What is the reason for thinking there should be a science criticism? Science, like art (on my telling, anyway), results from a special mix of technique and substance, facts-in-the-world and their rational representational, perceptions and the theories in which they are constituted. Further, scientific theories (and not just theories -- data, technology, methods, all of it) are evaluated according to theoretical virtues: elegance, simplicity, completeness, and accuracy among others. Now, the purpose of this brief essay is not to delve (deeply) into the nature of science, its methods, or its epistemologies. Can we just agree that there is in science, somewhere, an element of art? And, in our modern technically-infused (if not strictly technocratic) society, as much as there is for the history of science, the philosophy of science, the sociology of science, science policy, science ethics, and scientific law, indeed even popular science, also a place for science criticism? I think it is so.

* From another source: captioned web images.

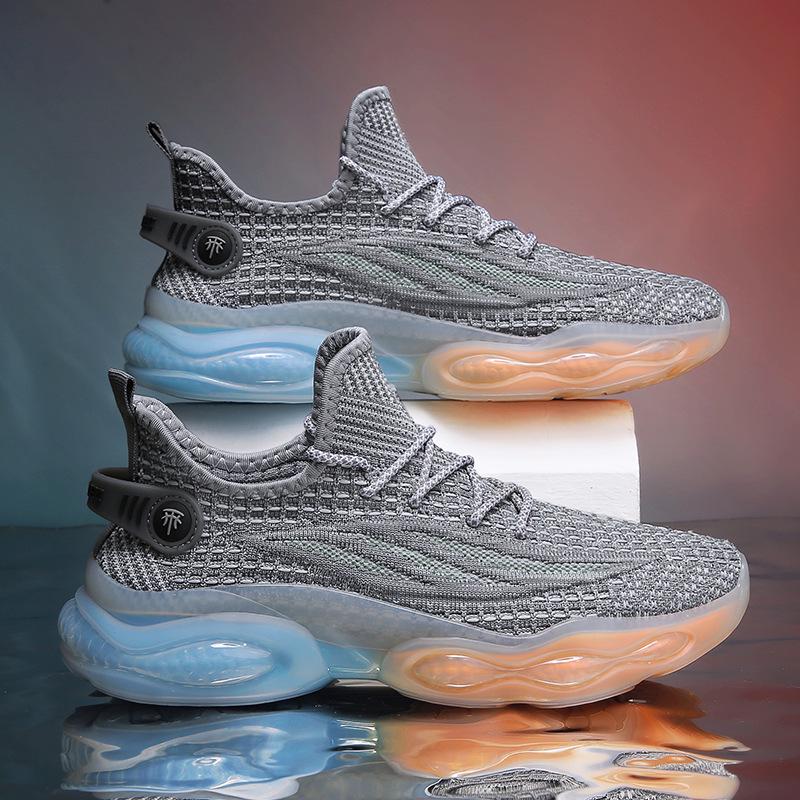 Herren Kokosnuss Schuhe: Herbst Trend 2025, Schwarze Dicke Sohle, Höhensteigernd, Lässige Sport-Laufschuhe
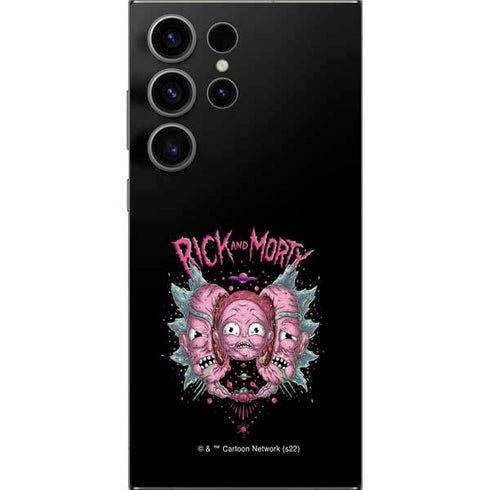 Adult Swim Rick and Morty Split Head Rick Galaxy S25 Ultra Skin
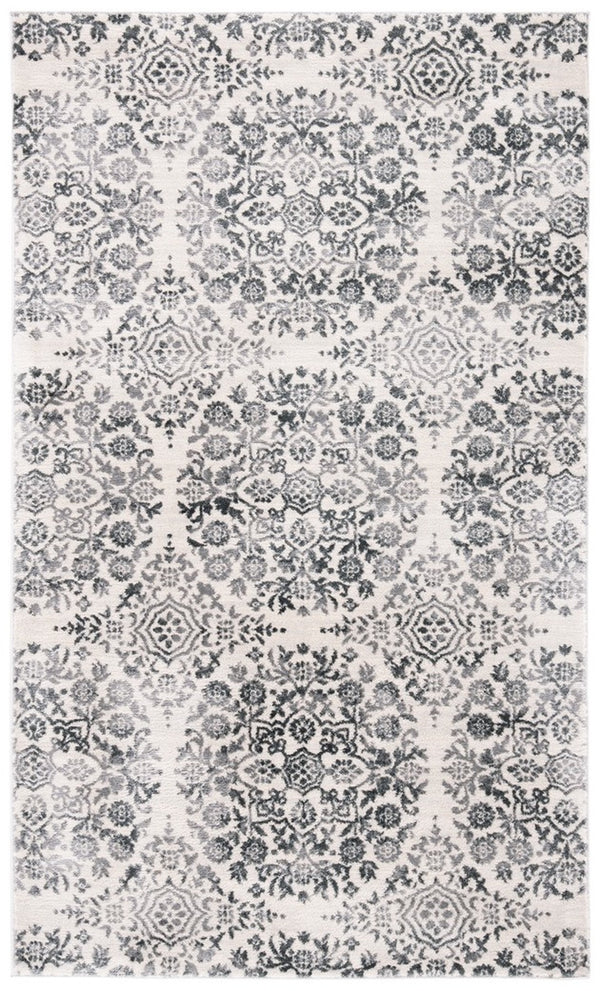 Safavieh Isabella 958 Power Loomed Transitional Rug Charcoal / Ivory ISA958H-4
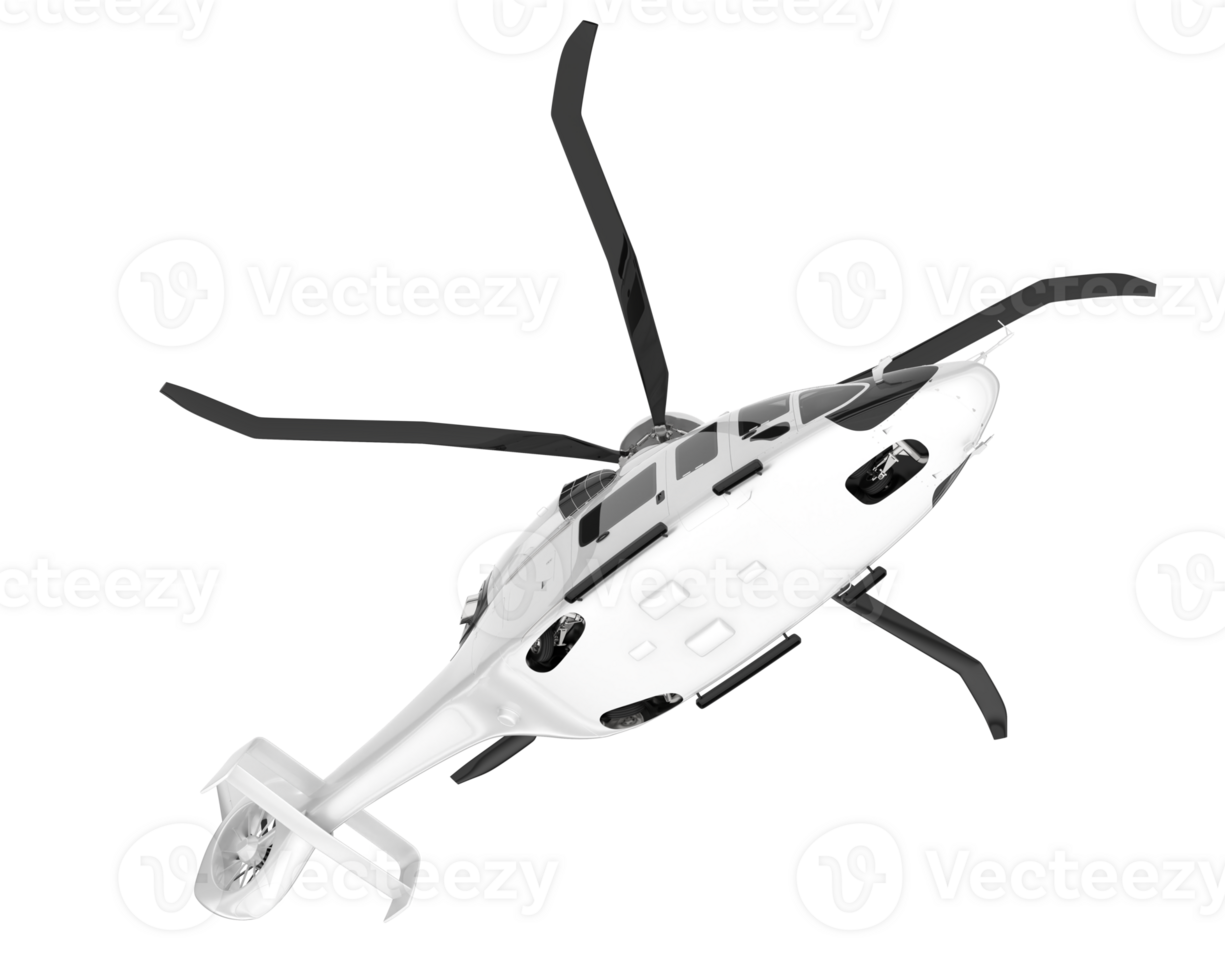 White aircraft isolated on transparent background. 3d rendering - illustration png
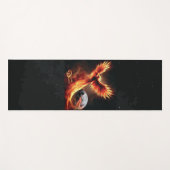 Oranje papa + Phoenix Rising Yogamat (Voorkant (horizontaal))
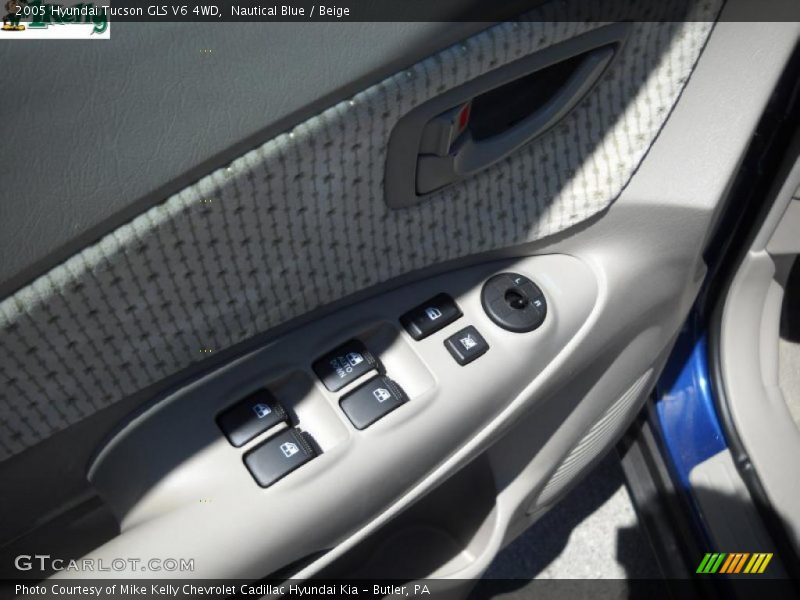 Nautical Blue / Beige 2005 Hyundai Tucson GLS V6 4WD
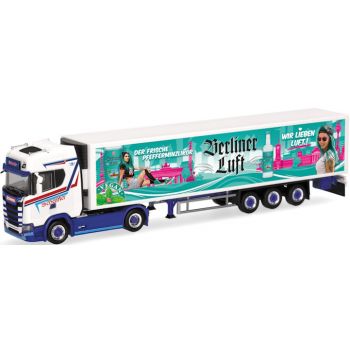 Scania CS20 HD Kühlkoffer-Sattelzug, Scheufler - Berliner Luft, Wohratal - Hessen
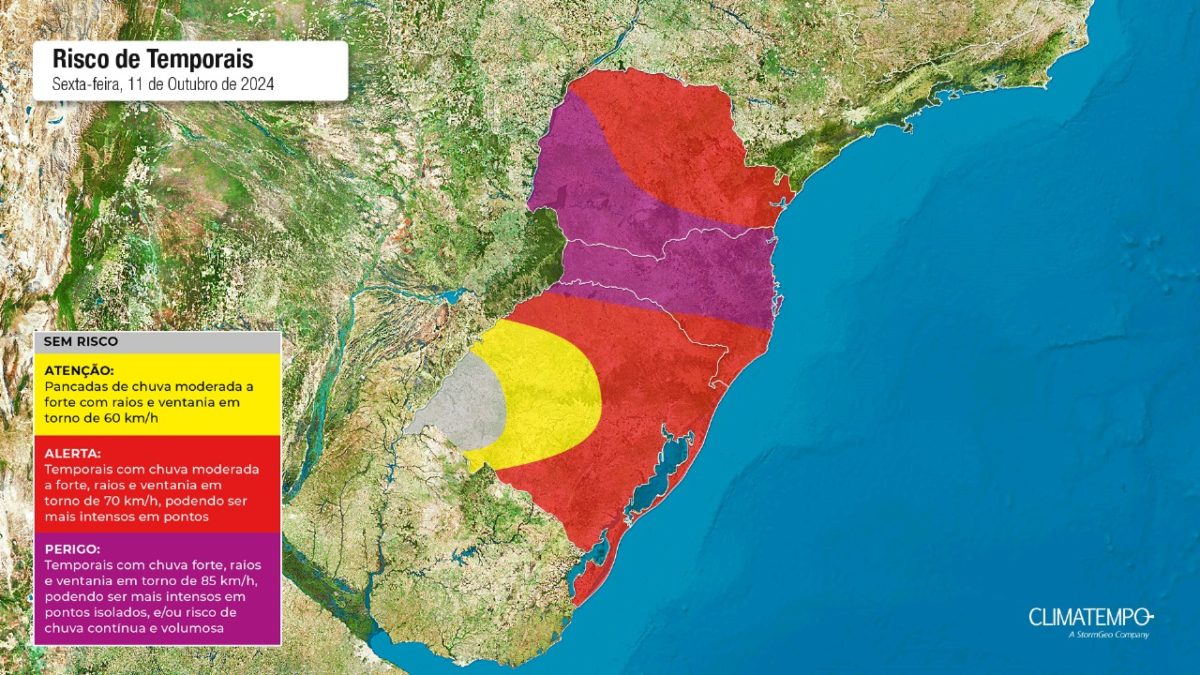 Temporal atinge o Paraná com rajadas de vento de 80 km/h; veja onde
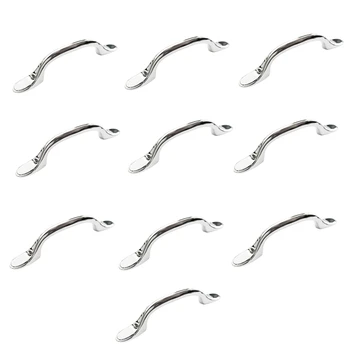 10 Pack Premium Kitchen Cabinet Handles - Traditional Spoon Foot Drawer/Door Hardware - Satin Nickel
10 Pack Premium Kitchen Cabinet Handles - Traditional Spoon Foot Drawer/Door Hardware - Satin Nickel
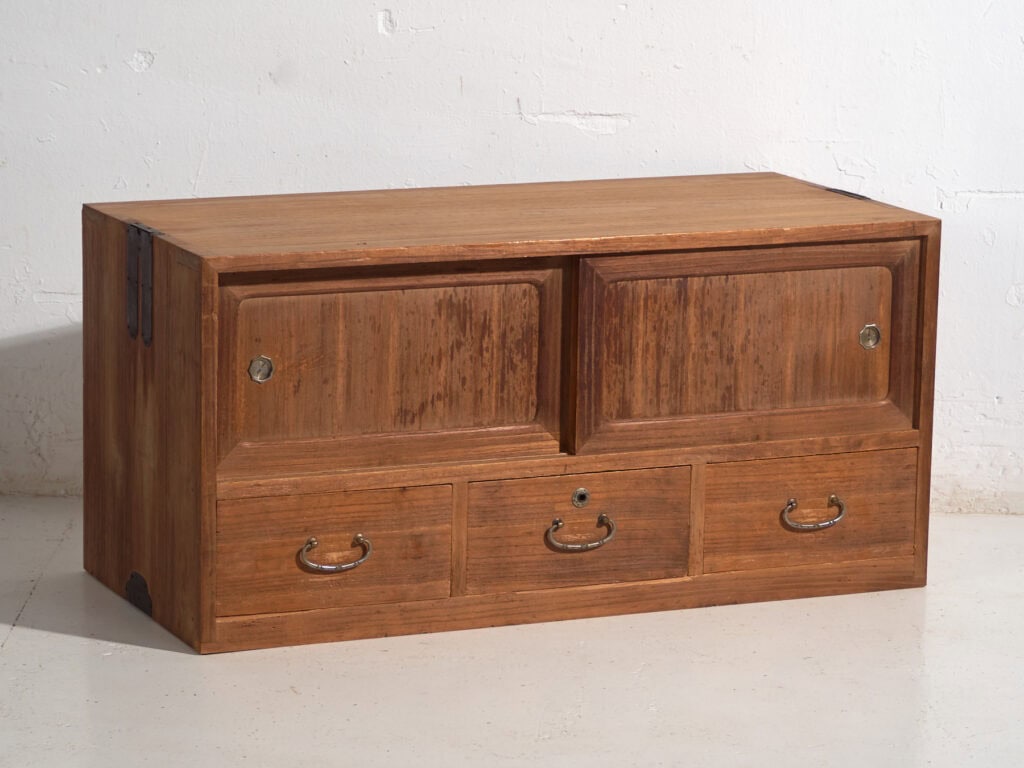 Antiguo Tansu bajo – Periodo Taishō / Showa (c.1920-1970) #19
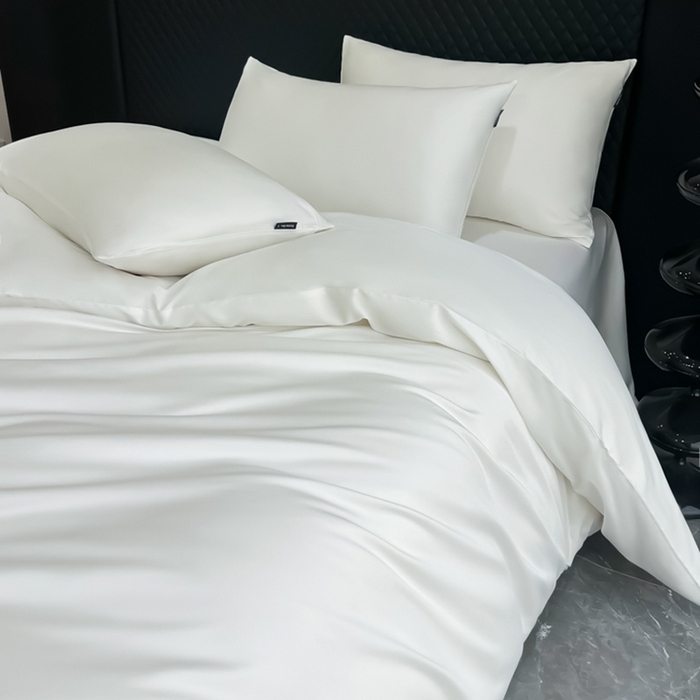 91家纺网 家纺一手货源 找家纺 家居1号家纺 2024新款50双股新疆长绒棉纯色四件套单品系列-四件套 纯享-象牙白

So suppose you agree with me. What, then, should science criticism look like? It is to answer this question that I have turned, inter alia, to Elkins. In outline, the purpose of science criticism would be to pass judgments on all the different parts of science (its theories, its data, its methods, etc.) with respect to the theoretical and practical virtues good science seeks to satisfy. Admittedly, these virtues are not settled (which is to be preferred, an elegant theory or one that unifies disparate phenomena?). But isn't deliberating the relative merits of different virtues (and different virtue systems) a task suited to critical discourse? Like other criticisms, science criticism will probably be 10% global, taking the long view of science's history, and 90% local, passing judgment on just this or that part with respect to its role in the vast enterprise. For each piece of science, the critic's eye will bring to view the subtle and compelling features of a "work" while exposing incongruence, ugliness, and slapdash. Analysis will be unforgiving and our science will be better for it.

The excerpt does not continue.